Investing.com stated that while Warsh’s nomination has refocused attention on the Fed’s balance sheet and communications strategy, a meaningful change would take time and face significant structural constraints, the analysts stated in a note.
They noted that Warsh has been critical of what he believes is an excessively large central bank footprint, pointing not only to the size of its asset holdings, but also to blurred lines between monetary and fiscal policy and an increasingly heavy communication framework that drives market behavior.
Morgan Stanley said it does not expect Warsh’s nomination to materially alter the Fed’s near-term interest rate reaction function.

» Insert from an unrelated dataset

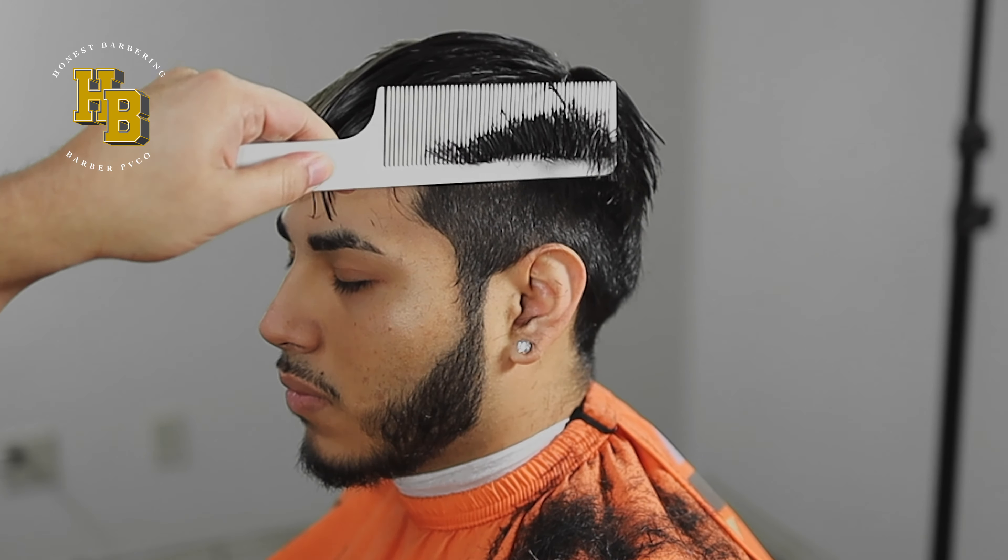Moving on to our next guideline, which is our half. We're going to go with the clipper all the way open — a finger width cut all the way around to where I did that first guideline. So pull the ear down. Moving on to our next guideline, it's going to be with our one guard — finger width, circle motion. You don't want to dig in too much so we keep that as dark as possible.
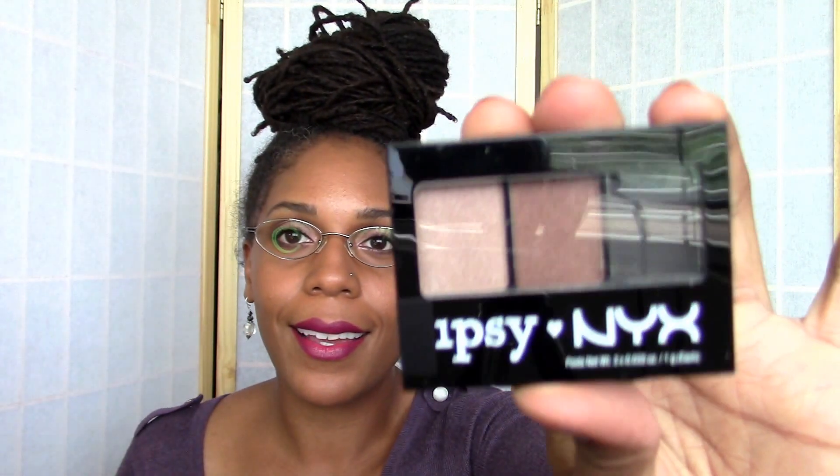What else is in here? Oh, that's so cool — it's an Ipsy and NYX collaboration! It's a little trio of eyeshadows. I don't want to open it since I have so many eyeshadows already open. It says "Ipsy NYX Three Color Shadow Palette." Congratulations on the collaboration with NYX — I really like that, though I definitely already have a lot of this stuff.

“We think a rapid shift in the Fed’s footprint is unlikely,” the economists led by Michael Gapen said. He noted that while balance sheet strategy could evolve over time, the mechanics of doing so are complex and tightly linked to the structure of the banking system.
A key constraint is reserve demand, Investing.com said. Economists said the Fed has already reduced its balance sheet from roughly $9 trillion to about $6.6 trillion largely via a decline in overnight reverse repo balances, with bank reserves remaining broadly unchanged.
More reductions from here would begin to erode reserves, Investing.com said, pushing the system from an “ample” to a “scarce” environment and potentially putting upward pressure on short-term funding rates, the economists said.
As a result, they said, any meaningful shrinkage of the balance sheet likely would require a reduction in banks’ demand for reserves, which has been elevated since the financial crisis due to post-2008 liquidity regulations such as the Liquidity Coverage Ratio and internal liquidity stress tests.
Although reforms could ease that demand, the economists stated, they would come with trade-offs for financial system resilience, the economists noted.
“Altering liquidity requirements may reduce demand for reserves and permit a smaller Fed balance sheet, but reduced liquidity buffers could impair financial system resilience in periods of stress. There is no free lunch,” the economists wrote.
Returning the Fed’s portfolio to an all-Treasury composition is also expected to be slow. With mortgage rates having risen sharply since 2022, prepayment speeds on agency mortgage-backed securities (MBS) have dropped, significantly slowing passive runoff.
Morgan Stanley estimates it could take close to a decade for the Fed to cut its MBS holdings in half via runoff alone, even assuming a substantial decline in mortgage rates.
Because active asset sales could widen spreads, depress liquidity, hurt housing affordability, and generate mark-to-market losses, economists said the central bank continues to have strong incentives to avoid them.
Some balance sheet adjustments could occur through coordination with the U.S. Treasury, Investing.com said. The Treasury General Account has grown to almost $1 trillion since the financial crisis and the COVID period, and economists said cutting it in half could allow the central bank to reduce securities holdings without draining reserves.
Changes to the maturity profile of the Fed’s Treasury portfolio also could support a gradual shift toward shorter-dated holdings, Investing.com said.
Looking ahead, the Fed said there is now a higher bar for future quantitative easing and unconventional policy tools.
Under current preferences, the Morgan Stanley economists said they expect asset purchases to return only in recessionary conditions that push rates to the effective lower bound, with reserve-management purchases used more sparingly.